◆ **Data**:
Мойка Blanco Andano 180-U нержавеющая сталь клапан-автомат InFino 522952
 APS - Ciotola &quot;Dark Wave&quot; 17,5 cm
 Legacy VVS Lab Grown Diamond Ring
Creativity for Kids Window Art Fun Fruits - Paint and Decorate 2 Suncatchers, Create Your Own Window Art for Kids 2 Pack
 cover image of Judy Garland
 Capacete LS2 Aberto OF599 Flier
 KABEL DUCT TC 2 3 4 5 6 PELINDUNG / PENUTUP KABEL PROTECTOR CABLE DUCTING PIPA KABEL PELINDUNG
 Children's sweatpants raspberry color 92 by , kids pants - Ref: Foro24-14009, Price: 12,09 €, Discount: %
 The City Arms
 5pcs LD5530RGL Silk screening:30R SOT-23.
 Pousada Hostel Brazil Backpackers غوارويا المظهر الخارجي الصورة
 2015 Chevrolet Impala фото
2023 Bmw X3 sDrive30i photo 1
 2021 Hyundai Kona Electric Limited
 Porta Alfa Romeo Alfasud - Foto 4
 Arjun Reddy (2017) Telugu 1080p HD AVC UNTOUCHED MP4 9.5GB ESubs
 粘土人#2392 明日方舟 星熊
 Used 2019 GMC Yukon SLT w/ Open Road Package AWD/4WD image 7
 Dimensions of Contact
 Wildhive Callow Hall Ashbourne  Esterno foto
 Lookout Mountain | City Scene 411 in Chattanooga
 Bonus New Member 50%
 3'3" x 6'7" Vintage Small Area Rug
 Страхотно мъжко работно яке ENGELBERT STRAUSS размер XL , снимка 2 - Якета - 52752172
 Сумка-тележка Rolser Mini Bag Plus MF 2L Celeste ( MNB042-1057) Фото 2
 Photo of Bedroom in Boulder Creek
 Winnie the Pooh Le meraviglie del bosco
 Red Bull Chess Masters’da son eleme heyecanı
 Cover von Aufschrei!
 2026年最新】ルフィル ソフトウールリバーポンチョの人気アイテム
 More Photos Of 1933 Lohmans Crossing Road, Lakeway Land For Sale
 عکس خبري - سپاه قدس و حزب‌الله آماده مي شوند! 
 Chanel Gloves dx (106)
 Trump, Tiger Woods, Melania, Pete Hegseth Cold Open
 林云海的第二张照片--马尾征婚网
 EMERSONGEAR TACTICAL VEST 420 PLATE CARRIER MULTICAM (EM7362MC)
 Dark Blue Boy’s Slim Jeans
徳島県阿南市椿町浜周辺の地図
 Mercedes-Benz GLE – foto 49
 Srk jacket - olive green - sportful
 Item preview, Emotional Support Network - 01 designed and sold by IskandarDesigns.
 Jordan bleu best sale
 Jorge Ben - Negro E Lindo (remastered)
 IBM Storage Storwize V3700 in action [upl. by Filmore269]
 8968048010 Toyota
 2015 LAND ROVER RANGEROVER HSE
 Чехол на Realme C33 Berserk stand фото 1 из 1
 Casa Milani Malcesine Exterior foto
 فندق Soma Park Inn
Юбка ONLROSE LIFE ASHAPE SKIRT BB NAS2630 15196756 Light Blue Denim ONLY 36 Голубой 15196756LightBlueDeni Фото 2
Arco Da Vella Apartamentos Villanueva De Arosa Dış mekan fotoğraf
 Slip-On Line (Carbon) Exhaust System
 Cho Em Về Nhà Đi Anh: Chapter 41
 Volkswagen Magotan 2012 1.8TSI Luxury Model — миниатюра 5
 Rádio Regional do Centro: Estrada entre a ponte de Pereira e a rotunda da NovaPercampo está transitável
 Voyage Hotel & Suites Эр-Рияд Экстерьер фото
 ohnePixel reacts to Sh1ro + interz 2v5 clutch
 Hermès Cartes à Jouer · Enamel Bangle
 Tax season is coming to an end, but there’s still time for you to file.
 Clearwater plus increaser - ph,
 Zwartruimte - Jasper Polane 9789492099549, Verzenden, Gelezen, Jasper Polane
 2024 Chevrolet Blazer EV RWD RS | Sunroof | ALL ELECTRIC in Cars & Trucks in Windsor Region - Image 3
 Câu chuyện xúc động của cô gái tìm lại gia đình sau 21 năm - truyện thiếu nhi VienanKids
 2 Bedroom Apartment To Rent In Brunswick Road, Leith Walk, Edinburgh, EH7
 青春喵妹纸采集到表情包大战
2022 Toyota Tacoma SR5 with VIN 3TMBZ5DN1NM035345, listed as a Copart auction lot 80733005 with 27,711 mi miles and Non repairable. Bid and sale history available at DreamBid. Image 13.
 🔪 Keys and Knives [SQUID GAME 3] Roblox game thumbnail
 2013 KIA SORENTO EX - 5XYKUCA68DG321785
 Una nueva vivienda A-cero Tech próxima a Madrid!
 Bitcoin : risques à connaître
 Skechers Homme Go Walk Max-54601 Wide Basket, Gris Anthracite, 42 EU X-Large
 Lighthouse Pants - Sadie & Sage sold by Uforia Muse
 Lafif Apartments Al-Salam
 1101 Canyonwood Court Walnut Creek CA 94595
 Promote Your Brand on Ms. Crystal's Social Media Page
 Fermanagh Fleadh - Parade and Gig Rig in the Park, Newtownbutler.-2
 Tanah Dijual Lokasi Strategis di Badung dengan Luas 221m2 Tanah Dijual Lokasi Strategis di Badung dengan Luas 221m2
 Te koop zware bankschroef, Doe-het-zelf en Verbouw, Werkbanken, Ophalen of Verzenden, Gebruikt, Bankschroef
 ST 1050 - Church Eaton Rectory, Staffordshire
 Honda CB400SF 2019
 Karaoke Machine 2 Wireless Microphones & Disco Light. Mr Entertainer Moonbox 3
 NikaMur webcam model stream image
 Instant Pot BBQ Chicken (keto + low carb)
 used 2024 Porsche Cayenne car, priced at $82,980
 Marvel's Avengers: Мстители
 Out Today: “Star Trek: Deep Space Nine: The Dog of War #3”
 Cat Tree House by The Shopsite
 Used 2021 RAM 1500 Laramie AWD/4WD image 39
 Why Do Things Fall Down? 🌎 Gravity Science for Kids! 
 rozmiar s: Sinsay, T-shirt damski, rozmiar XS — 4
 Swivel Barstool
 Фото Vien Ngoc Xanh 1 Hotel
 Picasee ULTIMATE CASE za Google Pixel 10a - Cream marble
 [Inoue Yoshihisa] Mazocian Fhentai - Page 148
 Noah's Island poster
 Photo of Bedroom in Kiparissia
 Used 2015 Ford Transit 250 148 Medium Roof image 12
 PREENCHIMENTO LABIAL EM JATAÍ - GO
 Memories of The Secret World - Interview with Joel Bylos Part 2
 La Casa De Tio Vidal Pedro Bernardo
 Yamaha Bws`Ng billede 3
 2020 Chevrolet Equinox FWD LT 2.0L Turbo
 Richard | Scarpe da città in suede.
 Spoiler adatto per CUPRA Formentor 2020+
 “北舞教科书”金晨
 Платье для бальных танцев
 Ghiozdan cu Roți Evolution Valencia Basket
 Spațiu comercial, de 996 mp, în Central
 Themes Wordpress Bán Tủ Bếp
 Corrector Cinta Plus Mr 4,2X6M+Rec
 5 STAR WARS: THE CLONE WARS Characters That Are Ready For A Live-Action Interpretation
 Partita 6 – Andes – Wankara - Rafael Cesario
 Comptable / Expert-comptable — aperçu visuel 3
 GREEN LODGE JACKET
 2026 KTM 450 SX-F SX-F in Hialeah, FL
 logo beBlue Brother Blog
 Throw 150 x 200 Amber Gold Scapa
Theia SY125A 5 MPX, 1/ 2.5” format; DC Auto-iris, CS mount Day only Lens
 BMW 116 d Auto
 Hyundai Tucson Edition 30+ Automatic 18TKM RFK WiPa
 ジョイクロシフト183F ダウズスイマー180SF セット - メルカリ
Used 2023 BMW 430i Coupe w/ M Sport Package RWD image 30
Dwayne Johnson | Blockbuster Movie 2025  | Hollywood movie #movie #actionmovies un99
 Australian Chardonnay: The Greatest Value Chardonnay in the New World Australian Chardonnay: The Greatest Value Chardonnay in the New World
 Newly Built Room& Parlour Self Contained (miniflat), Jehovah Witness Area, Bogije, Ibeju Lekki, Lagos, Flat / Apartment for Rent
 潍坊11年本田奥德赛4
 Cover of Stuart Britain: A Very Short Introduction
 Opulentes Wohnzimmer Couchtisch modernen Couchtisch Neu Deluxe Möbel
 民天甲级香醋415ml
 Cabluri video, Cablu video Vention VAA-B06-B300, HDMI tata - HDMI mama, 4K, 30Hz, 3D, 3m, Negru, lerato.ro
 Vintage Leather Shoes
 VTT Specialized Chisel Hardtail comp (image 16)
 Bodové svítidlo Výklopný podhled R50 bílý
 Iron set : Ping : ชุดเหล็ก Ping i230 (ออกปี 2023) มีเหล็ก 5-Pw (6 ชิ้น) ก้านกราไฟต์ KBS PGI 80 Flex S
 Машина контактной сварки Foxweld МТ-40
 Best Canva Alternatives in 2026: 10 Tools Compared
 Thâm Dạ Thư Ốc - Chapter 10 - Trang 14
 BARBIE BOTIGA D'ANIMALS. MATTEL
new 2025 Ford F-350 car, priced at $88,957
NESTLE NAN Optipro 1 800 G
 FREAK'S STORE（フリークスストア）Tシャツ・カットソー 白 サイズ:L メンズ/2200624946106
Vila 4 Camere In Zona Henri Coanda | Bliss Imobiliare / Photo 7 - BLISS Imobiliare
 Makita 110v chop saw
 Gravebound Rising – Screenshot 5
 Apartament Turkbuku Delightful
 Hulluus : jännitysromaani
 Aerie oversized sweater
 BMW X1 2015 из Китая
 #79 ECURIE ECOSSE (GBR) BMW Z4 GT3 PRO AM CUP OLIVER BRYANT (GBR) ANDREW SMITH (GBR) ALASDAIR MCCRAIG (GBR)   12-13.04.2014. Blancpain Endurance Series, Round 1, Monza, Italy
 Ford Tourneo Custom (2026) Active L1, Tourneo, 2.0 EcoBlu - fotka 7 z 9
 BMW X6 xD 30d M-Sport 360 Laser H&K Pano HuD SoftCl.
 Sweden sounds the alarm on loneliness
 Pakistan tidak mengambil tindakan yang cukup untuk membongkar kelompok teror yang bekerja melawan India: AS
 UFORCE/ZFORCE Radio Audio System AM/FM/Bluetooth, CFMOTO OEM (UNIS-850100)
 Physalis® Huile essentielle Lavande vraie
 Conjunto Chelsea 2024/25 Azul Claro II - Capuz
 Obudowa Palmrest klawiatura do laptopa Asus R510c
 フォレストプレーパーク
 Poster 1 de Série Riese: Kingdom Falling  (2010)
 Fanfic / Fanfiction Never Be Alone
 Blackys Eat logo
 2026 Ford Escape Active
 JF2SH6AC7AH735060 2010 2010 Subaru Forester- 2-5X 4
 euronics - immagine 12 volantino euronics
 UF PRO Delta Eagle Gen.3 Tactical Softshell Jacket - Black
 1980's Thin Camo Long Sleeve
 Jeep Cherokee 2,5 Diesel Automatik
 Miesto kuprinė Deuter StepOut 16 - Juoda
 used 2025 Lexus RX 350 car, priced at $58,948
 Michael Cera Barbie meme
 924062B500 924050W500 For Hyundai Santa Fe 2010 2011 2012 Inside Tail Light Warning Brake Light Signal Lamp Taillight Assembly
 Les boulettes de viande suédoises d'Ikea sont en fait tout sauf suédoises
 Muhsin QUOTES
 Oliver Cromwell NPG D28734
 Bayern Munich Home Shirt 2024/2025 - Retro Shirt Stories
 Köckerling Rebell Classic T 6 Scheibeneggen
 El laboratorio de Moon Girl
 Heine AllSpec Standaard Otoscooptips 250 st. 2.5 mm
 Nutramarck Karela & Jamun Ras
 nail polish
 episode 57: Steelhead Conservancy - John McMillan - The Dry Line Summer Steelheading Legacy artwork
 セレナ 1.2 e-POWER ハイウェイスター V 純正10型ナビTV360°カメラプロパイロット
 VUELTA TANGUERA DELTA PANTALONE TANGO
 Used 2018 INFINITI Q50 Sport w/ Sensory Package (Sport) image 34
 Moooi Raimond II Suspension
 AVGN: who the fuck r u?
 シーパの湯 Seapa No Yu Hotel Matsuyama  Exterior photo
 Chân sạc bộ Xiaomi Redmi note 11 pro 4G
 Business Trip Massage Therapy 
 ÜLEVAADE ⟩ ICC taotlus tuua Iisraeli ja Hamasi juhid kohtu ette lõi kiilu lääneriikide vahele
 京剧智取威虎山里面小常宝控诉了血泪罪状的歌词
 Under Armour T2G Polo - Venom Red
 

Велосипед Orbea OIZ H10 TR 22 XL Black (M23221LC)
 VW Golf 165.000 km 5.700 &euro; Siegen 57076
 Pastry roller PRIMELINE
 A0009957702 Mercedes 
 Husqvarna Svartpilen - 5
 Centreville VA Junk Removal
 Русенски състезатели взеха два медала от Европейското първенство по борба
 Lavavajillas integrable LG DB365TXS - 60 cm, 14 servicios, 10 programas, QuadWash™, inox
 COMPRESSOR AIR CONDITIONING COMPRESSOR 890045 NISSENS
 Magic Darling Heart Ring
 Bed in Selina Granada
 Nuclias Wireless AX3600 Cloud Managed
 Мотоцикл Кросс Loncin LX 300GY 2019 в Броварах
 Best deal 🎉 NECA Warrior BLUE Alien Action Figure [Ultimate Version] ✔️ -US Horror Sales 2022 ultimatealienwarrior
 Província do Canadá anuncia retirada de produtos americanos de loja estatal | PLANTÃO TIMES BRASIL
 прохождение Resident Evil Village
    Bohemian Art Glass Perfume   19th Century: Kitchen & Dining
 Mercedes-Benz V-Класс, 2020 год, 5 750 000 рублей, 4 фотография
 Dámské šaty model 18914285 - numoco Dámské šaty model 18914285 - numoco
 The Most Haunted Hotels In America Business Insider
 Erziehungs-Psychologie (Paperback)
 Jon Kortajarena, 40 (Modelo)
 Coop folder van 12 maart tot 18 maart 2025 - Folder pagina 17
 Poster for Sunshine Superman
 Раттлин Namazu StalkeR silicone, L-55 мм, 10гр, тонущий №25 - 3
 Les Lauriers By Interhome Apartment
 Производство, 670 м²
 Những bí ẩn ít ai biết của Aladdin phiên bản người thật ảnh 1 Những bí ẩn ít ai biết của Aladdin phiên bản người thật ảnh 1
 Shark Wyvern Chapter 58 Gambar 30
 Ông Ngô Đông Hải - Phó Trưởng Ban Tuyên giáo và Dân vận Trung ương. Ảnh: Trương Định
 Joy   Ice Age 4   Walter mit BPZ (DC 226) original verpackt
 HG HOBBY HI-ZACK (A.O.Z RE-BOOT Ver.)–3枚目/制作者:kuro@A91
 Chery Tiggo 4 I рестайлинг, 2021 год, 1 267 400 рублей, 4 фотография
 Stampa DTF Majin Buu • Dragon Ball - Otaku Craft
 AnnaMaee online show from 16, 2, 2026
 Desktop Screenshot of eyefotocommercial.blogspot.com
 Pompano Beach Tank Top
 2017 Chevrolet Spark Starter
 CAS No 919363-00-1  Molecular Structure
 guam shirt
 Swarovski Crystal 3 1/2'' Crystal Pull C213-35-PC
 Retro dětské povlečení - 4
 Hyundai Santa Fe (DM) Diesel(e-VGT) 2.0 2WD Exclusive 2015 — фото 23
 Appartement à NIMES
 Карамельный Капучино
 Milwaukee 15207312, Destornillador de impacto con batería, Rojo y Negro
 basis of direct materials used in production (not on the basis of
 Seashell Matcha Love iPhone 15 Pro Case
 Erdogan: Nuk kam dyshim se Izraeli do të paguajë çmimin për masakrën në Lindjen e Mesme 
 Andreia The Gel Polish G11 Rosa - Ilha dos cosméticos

◆ **Activity**: Scan the data above for the string "Bedroom" and copy each line where it appears.

◆ **Your response**:
 Photo of Bedroom in Boulder Creek
 2 Bedroom Apartment To Rent In Brunswick Road, Leith Walk, Edinburgh, EH7
 Photo of Bedroom in Kiparissia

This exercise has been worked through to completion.